"""

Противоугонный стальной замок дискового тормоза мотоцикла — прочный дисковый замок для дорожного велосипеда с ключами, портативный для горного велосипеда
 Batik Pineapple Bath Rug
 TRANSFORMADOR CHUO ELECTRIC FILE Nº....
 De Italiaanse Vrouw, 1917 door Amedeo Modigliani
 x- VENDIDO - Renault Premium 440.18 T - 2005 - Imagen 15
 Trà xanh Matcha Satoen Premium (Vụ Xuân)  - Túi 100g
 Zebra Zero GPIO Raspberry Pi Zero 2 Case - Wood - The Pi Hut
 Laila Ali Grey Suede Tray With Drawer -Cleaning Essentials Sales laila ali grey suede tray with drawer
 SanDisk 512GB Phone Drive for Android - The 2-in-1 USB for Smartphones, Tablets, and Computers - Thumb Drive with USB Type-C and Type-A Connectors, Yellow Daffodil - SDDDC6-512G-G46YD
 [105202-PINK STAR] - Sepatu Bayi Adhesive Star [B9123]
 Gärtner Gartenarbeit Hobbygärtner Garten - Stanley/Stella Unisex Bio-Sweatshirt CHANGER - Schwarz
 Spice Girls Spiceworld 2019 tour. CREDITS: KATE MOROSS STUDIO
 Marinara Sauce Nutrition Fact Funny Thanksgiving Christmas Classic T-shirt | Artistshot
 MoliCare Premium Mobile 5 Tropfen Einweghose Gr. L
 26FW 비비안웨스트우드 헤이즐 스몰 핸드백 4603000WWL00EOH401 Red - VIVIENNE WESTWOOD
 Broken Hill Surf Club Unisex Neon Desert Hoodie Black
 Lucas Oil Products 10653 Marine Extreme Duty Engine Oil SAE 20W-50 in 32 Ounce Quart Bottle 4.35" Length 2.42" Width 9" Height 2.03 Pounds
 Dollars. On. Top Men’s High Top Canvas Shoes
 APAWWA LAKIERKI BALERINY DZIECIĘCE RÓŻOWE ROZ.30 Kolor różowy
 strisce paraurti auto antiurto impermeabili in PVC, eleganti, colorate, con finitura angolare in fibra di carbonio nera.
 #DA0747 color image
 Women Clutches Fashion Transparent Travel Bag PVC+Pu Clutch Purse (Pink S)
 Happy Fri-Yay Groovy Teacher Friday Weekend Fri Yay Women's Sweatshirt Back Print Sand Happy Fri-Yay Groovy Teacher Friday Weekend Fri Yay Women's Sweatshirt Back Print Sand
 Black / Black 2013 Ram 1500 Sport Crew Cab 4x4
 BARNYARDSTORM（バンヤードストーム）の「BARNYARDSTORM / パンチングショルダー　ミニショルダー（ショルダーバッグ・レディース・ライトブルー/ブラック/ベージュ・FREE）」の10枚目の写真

"""

=== ASSIGNMENT ===
Of the entries above, transcribe exactly those lines that fall between the line containing "Gärtner Gartenarbeit Hobbygärtner" and the line containing "APAWWA LAKIERKI BALERINY", together with those two lines.

=== EXPECTED ANSWER ===
 Gärtner Gartenarbeit Hobbygärtner Garten - Stanley/Stella Unisex Bio-Sweatshirt CHANGER - Schwarz
 Spice Girls Spiceworld 2019 tour. CREDITS: KATE MOROSS STUDIO
 Marinara Sauce Nutrition Fact Funny Thanksgiving Christmas Classic T-shirt | Artistshot
 MoliCare Premium Mobile 5 Tropfen Einweghose Gr. L
 26FW 비비안웨스트우드 헤이즐 스몰 핸드백 4603000WWL00EOH401 Red - VIVIENNE WESTWOOD
 Broken Hill Surf Club Unisex Neon Desert Hoodie Black
 Lucas Oil Products 10653 Marine Extreme Duty Engine Oil SAE 20W-50 in 32 Ounce Quart Bottle 4.35" Length 2.42" Width 9" Height 2.03 Pounds
 Dollars. On. Top Men’s High Top Canvas Shoes
 APAWWA LAKIERKI BALERINY DZIECIĘCE RÓŻOWE ROZ.30 Kolor różowy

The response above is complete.